**Required work:**
Lines holding the string "RENT": copy each one from the listing below.
Start of Given entries
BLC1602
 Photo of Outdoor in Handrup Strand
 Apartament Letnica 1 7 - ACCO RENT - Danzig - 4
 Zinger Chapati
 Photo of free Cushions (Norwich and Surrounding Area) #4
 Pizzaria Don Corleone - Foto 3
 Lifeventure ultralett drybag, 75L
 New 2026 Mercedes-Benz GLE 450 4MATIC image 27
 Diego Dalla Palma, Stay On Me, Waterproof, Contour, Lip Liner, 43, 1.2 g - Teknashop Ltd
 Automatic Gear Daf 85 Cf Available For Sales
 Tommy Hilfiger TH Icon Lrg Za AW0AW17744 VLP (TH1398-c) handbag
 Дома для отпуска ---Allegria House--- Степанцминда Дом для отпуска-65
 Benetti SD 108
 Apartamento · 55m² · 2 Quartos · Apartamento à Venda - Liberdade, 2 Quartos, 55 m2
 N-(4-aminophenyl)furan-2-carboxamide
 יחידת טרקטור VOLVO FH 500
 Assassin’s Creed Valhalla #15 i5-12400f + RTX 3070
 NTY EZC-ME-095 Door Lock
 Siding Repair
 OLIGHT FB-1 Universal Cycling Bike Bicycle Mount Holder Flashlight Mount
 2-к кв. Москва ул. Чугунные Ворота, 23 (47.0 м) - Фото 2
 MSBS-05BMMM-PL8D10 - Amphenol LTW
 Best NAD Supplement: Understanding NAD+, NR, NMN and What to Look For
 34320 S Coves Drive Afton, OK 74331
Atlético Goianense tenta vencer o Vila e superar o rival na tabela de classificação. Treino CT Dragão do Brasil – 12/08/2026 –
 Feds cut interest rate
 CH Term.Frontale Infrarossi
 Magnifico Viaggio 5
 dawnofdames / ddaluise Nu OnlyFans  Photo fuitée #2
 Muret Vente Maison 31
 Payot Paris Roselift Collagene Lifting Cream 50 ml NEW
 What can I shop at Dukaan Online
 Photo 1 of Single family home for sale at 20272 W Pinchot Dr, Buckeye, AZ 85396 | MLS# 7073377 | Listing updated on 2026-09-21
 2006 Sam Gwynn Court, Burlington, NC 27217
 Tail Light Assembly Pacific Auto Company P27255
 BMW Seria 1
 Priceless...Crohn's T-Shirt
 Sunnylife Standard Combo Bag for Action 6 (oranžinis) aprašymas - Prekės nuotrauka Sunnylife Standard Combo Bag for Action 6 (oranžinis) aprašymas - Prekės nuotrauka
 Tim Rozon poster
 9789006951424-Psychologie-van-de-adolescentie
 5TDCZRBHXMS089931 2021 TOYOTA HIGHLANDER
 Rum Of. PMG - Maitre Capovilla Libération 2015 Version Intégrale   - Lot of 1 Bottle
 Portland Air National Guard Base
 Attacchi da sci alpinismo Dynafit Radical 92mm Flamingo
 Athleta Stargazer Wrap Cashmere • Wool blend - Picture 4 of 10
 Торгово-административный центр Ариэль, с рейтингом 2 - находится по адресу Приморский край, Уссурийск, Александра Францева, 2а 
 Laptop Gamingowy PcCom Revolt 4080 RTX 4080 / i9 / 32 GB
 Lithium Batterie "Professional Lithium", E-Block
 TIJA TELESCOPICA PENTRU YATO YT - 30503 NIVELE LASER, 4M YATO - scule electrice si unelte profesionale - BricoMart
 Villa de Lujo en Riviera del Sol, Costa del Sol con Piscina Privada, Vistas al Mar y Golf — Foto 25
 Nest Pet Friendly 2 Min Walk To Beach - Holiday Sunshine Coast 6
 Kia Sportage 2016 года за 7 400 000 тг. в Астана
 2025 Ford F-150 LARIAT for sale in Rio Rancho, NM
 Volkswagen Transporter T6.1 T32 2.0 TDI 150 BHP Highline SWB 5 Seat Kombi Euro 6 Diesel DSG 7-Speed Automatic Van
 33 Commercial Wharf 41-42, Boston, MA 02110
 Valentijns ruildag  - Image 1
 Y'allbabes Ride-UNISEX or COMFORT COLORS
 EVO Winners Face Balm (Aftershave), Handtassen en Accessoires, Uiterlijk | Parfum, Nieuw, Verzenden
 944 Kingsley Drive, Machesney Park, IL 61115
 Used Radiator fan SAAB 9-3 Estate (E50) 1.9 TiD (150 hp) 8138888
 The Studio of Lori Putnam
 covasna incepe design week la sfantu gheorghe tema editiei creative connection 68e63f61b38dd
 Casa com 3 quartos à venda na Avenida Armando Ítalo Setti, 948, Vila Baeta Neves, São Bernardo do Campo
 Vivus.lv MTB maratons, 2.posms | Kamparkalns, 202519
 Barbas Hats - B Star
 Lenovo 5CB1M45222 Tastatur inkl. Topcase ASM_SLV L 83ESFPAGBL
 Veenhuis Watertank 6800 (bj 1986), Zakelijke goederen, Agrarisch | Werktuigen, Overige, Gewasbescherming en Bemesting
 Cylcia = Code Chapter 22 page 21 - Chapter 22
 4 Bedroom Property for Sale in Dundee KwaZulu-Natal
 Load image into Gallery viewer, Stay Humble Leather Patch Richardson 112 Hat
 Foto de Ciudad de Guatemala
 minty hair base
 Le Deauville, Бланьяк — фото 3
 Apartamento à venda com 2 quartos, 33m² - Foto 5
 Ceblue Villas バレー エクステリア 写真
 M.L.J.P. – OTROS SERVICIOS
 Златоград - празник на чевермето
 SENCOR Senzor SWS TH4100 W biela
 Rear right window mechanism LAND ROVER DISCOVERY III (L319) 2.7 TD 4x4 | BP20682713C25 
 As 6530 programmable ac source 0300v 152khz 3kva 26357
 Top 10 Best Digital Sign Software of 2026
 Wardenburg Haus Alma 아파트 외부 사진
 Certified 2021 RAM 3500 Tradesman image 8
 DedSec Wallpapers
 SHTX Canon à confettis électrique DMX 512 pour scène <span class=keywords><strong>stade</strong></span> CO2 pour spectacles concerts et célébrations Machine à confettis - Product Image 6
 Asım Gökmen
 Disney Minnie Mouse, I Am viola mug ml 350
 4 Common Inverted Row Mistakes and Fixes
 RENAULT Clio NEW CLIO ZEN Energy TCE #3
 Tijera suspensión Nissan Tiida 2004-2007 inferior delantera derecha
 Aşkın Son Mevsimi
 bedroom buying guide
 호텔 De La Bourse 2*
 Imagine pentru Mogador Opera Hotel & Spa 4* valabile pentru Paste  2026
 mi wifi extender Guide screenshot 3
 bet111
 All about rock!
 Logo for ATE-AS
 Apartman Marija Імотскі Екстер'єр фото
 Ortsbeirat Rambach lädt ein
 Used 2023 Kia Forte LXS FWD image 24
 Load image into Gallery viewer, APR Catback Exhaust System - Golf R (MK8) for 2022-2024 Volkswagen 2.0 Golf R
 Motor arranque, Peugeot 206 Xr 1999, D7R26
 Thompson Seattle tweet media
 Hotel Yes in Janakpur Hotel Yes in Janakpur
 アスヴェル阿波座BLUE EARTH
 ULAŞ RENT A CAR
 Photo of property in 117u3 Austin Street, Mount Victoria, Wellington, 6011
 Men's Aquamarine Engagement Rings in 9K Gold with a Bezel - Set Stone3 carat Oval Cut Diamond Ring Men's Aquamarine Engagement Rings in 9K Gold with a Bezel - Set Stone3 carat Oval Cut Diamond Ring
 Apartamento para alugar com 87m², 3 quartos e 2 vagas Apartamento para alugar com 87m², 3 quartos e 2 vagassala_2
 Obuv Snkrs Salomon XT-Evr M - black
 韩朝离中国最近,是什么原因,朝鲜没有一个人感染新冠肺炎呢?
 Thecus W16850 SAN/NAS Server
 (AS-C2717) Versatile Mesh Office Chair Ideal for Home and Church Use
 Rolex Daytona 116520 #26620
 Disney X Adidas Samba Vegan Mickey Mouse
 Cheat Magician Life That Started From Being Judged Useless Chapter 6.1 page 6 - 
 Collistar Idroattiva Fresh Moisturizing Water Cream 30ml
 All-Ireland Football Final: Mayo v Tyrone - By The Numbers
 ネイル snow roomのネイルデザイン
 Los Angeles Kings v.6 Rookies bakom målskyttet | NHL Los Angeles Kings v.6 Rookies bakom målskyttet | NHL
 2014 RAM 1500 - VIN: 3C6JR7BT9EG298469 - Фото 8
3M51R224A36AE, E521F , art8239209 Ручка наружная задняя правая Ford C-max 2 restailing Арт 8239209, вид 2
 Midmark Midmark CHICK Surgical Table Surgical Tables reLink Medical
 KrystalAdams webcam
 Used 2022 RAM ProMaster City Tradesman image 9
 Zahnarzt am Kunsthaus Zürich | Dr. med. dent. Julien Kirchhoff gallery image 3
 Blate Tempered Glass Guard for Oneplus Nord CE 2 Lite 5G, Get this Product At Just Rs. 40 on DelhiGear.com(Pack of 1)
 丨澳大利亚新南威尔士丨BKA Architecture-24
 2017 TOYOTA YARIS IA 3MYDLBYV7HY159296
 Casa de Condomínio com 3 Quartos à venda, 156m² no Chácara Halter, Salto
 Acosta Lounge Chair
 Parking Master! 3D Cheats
End of Given entries
**Output for this exercise:**
 Apartament Letnica 1 7 - ACCO RENT - Danzig - 4
 ULAŞ RENT A CAR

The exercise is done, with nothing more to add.